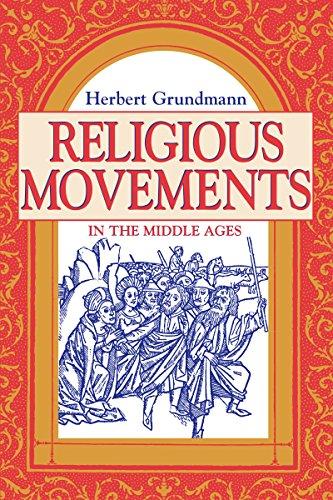 Religious Movements in the Middle Ages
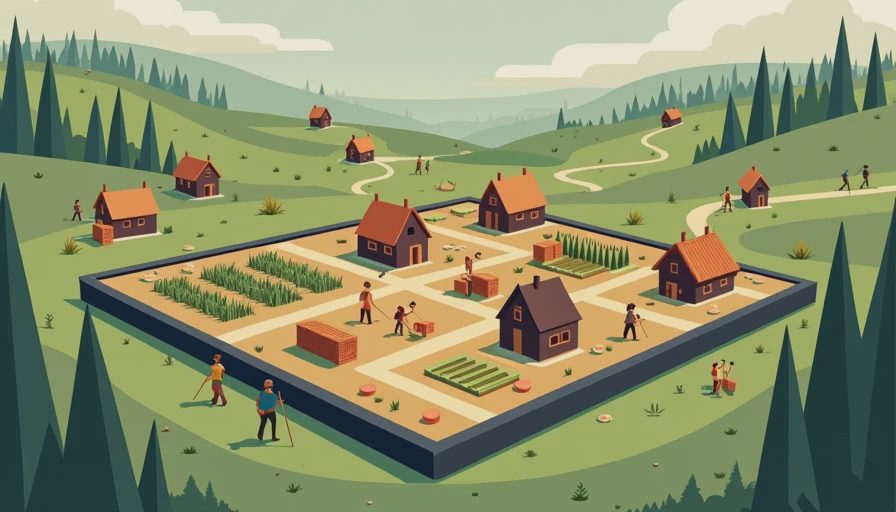 Colony Sim Games Worth Your Weekend: A Curated Guide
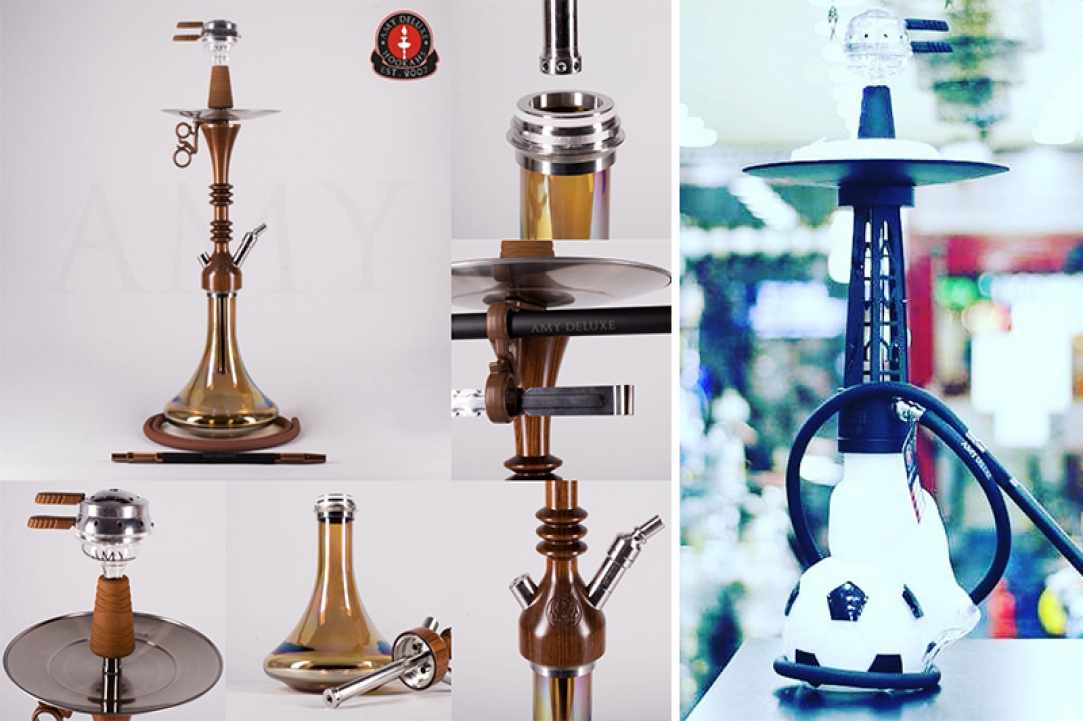 AMY Shisha House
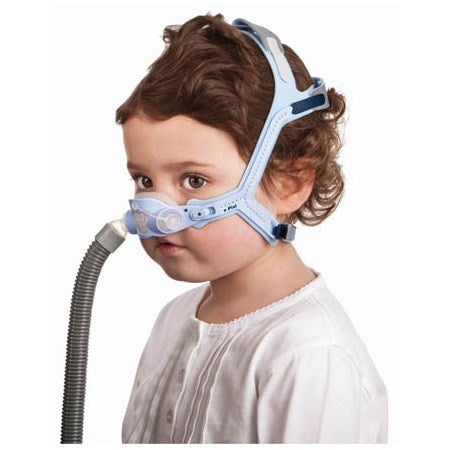 Resmed Pixi Pediatric CPAP Mask and Headgear
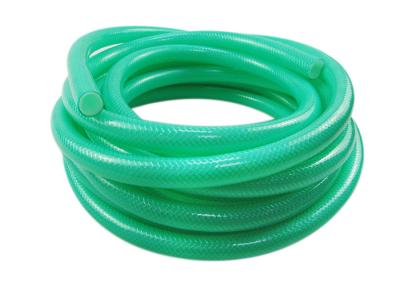 China High Strength Garden PVC Hose 3/4 Inch Fiber Reinforced Garden Tube for sale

- - -

Every entry above is to be set down exactly; the pictures are to be left out.

▸ RESPONSE:
 Religious Movements in the Middle Ages
 Colony Sim Games Worth Your Weekend: A Curated Guide
 AMY Shisha House
 Resmed Pixi Pediatric CPAP Mask and Headgear
 China High Strength Garden PVC Hose 3/4 Inch Fiber Reinforced Garden Tube for sale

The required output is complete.